In Queensland, a grant made in any of the places to which the British Probates Act 1898 (Qld) applies (being every state and territory of Australia, New Zealand and the United Kingdom of Great Britain and Northern Ireland) can be “resealed”.
Under r 616 Uniform Civil Procedure Rules 1999 (Qld), an application for a reseal of a foreign grant can be made by the executor or administrator or person authorised by the executor or administrator to apply.
The resealed document has the same force and effect as if it was an original grant issued by the court. The Queensland assets can then be brought in and administered.
Western Australia
A grant of probate or letters of administration (or equivalent) made within a particular jurisdiction (including a different state in Australia) has no effect in other jurisdictions. For example, assets located within WA cannot be dealt with by a foreign grant.

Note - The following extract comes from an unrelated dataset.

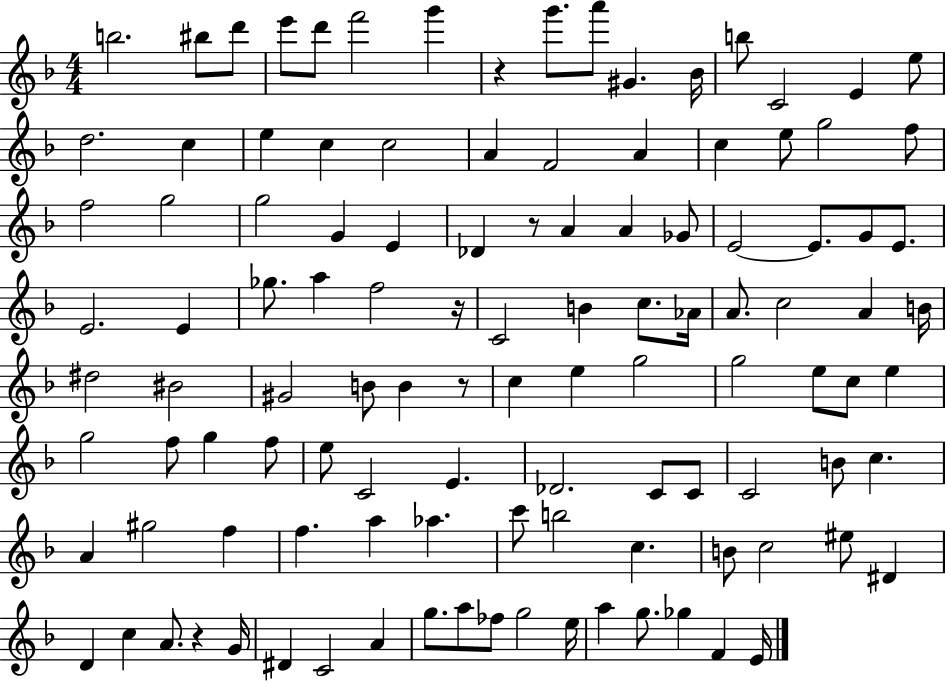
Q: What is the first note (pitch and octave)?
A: B5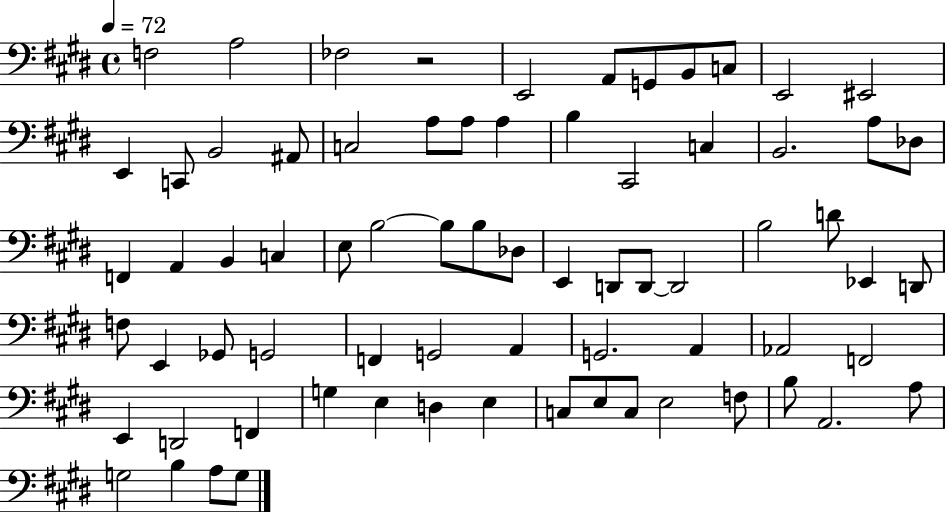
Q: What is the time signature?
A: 4/4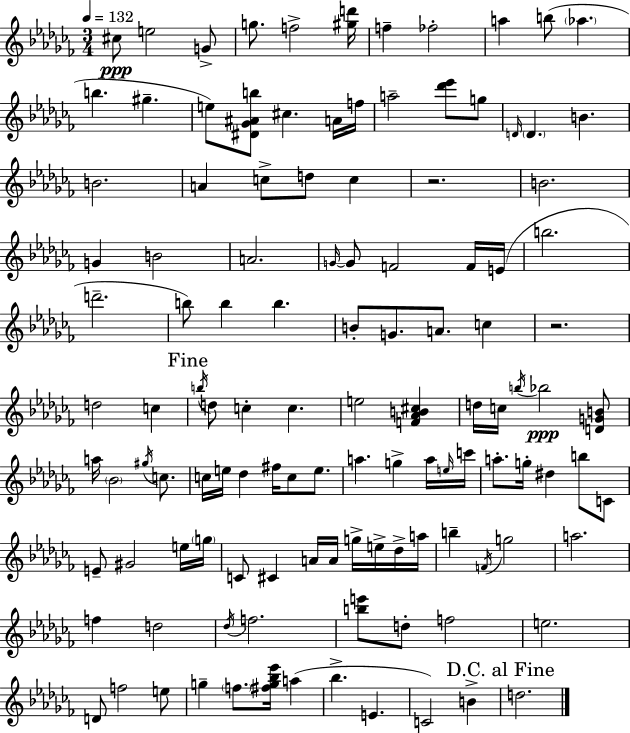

However, a grant in jurisdictions being Her Majesty's dominions (which include all other states and territories in Australia, as well as New Zealand, the United Kingdom, Canada and Papua New Guinea among others) can be "resealed".
In WA, s 61 of the Administration Act provides that the original executor or administrator, or a person authorised by a power of attorney given by the executor or administrator, can have the foreign grant resealed by the Supreme Court of WA, whereupon it has the same effect as if the original grant of probate/administration had been in WA. The WA assets can then be brought in and administered.
South Australia
Section 17 of the Administration and Probate Act 1919 (SA) provides that “Probate and administration granted in other States or the United Kingdom or by foreign Court to be of like force as if granted in South Australia, on being re-sealed”. Rule 50 of The Probate Rules 2015 sets out the procedure.
Tasmania
A grant of probate or letters of administration (or equivalent) made within a particular jurisdiction (including a different state in Australia) has no effect in other jurisdictions. For example, assets located within Tasmania cannot be dealt with by a foreign grant.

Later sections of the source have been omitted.